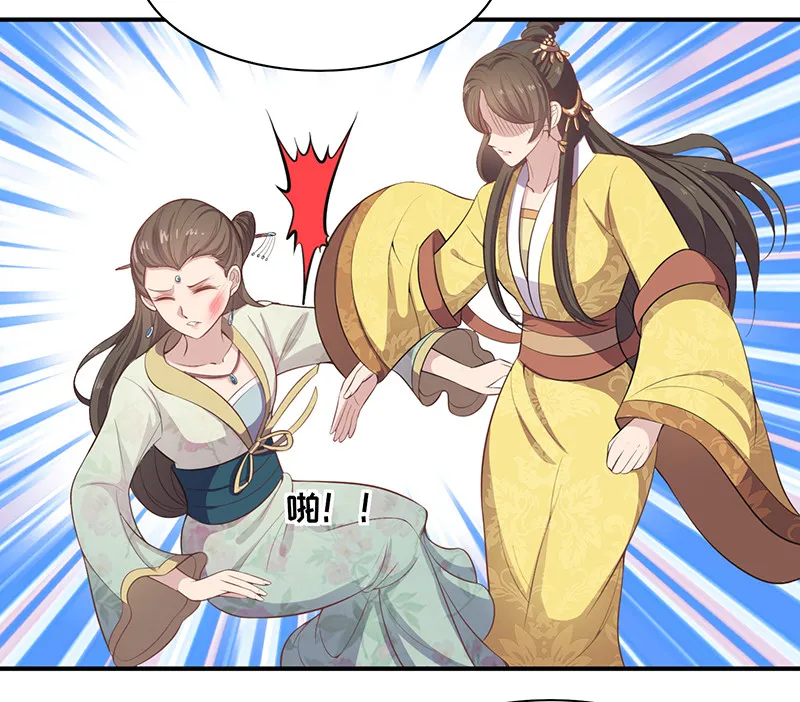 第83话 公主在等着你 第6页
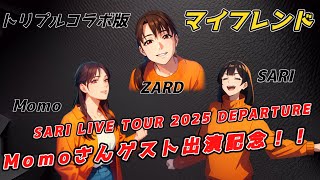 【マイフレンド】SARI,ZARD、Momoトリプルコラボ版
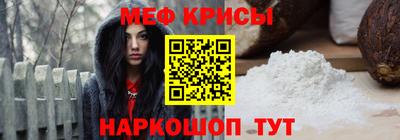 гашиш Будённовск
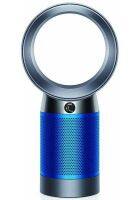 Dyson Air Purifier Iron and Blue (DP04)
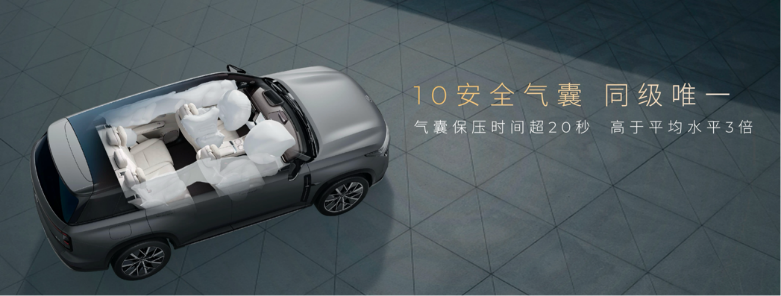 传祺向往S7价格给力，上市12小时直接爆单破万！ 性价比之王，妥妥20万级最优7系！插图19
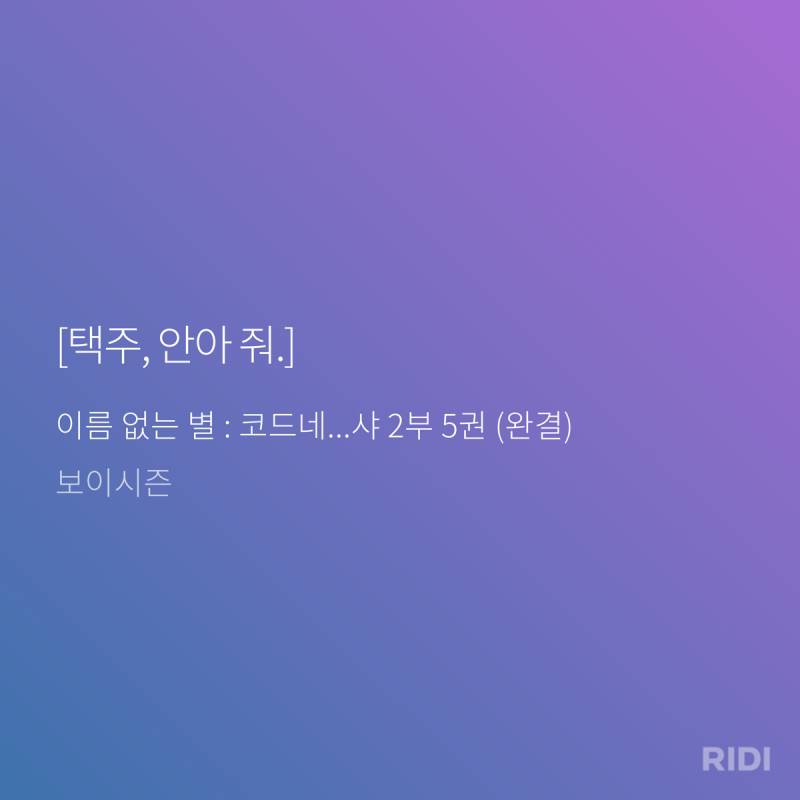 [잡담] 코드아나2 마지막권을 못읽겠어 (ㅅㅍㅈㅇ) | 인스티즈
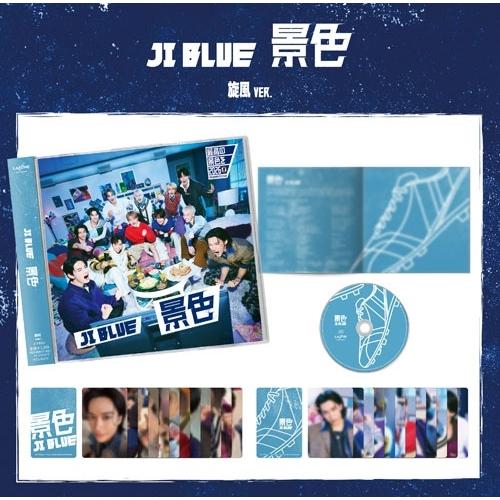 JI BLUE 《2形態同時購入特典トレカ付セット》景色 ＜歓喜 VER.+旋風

######

Aim of the task:
Output only the lines running from the one containing "[잡담] 코드아나2 마지막권을 못읽겠어 (ㅅㅍㅈㅇ) | 인스티즈" to the end of the records, inclusive and exact; skip the pictures.

Task result:
 [잡담] 코드아나2 마지막권을 못읽겠어 (ㅅㅍㅈㅇ) | 인스티즈
 JI BLUE 《2形態同時購入特典トレカ付セット》景色 ＜歓喜 VER.+旋風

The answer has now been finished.